Back in Liverpool, investor William Gregson was dissatisfied with the profit on his investment. He submitted an insurance claim for £30 per drowned captive—a considerable sum in today's money. The insurers refused to pay. In March 1783, Gregson sued and was awarded a trial by jury, with his lawyers claiming that throwing the enslaved people overboard had been “necessary.”

The Spark for Abolition

According to Kara, “there is a direct line of causality between the public exposure of the Zorg murders and the first movement to abolish slavery in England.” Merely twelve days after the trial, an anonymous letter appeared in a widely read English newspaper.
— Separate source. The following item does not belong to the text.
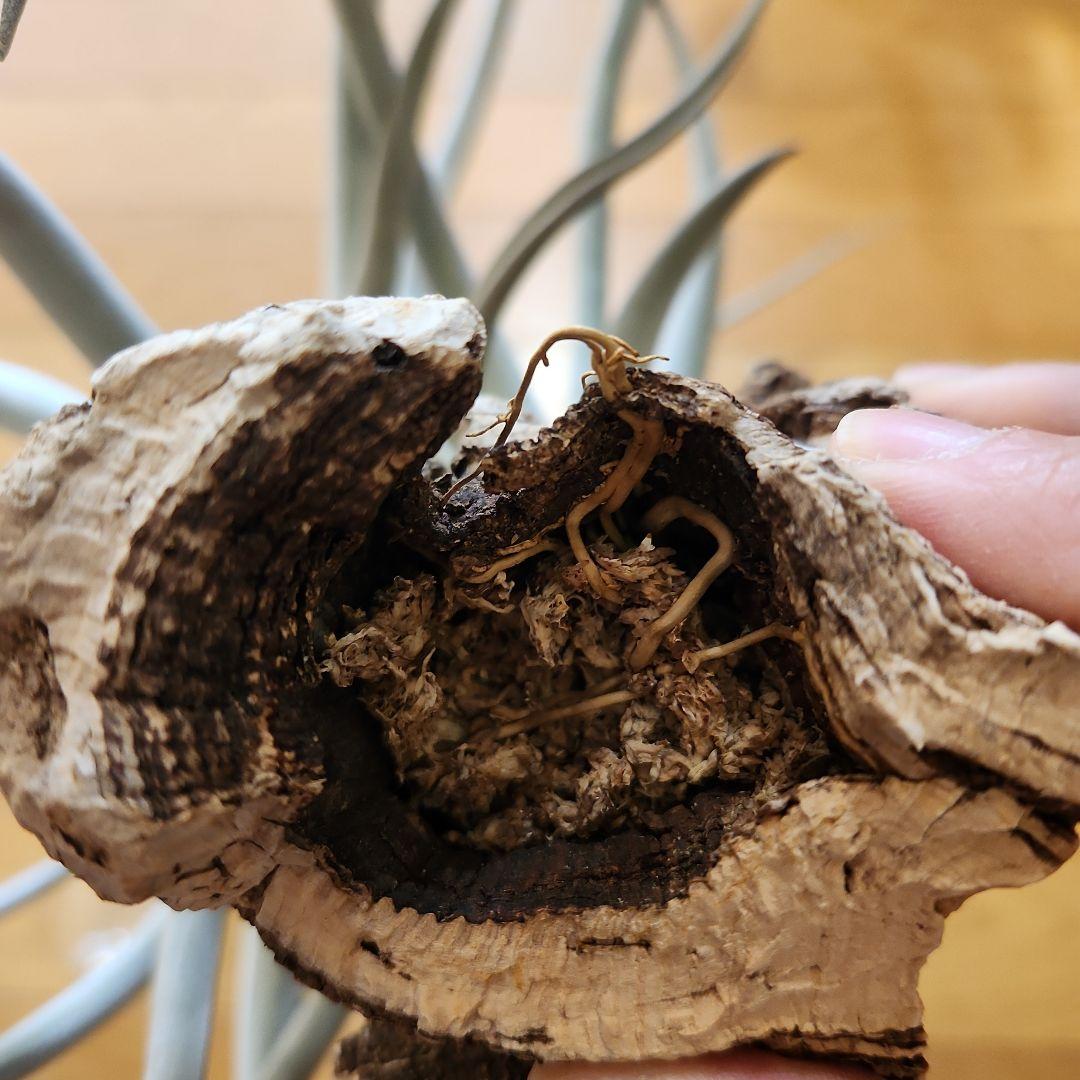 ティランジア 多頭 ロッテアエ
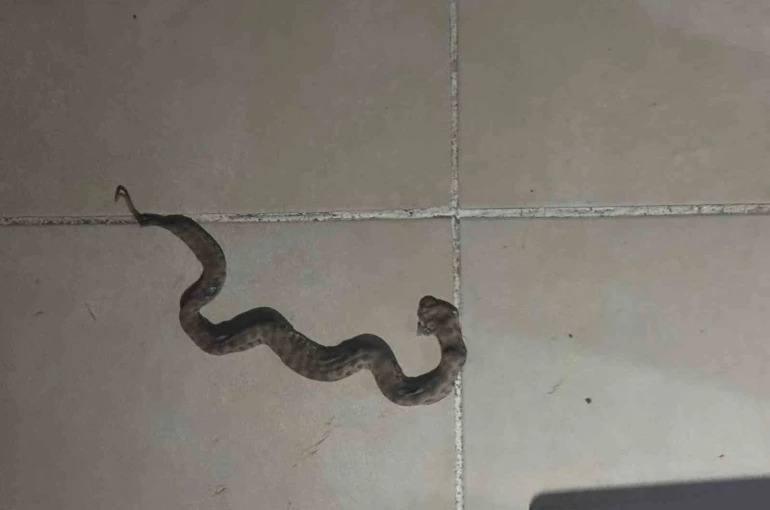 Siirt’te apartmanda görülen yılan paniğe neden oldu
The author, who claimed to have been present the court proceedings, made a powerful case against slavery, citing the Zorg case as a key illustration of its inherent evil. Olaudah Equiano read the letter and took it to the activist Granville Sharp, who petitioned for a new trial. At the subsequent hearing, the events on the Zorg were reviewed in forensic detail, exactly what the abolitionists had wanted.

The Road to 1807

In the spring of 1787, the initial group of the Society for Effecting the Abolition of the Slave Trade first met. Over the subsequent years, they petitioned, orated, lobbied tirelessly, and meticulously documented the particulars of the slave trade. “Their efforts,” Kara writes, “would lay a blueprint for the pursuit of social justice.” After years of struggles, the Act for the Abolition of the Slave Trade was enacted in 1807.

An Enduring Impact

The debate over who or what deserves credit for abolition is a matter of debate. The Zorg's legacy, however, is visibly captured by J.M.W. Turner's famous painting, The Slave Ship, which was inspired by the events of 1781. While slavery has been near-universal in human history, its abolition following a prolonged public movement was unprecedented, serving as an affirmation to the power of persistent activism, the pen, and relentless determination.

Kara's Narrative Method

In contrast to his other work—such as the acclaimed Cobalt Red—Kara has had to fill in certain lacunae in the historical record. At times, speculative passages sit awkwardly next to scrupulously factual accounts, giving the book a somewhat chimeric feel. A blend of narrative suspense and part historical analysis, The Zorg nevertheless manages to illuminating one of history's darkest chapters, using compelling prose and documented fact to assemble a account that stays with the reader long after the final page.

Christine Holt
Christine Holt

Elara is a seasoned gaming analyst with a passion for demystifying online casinos and helping players make informed decisions.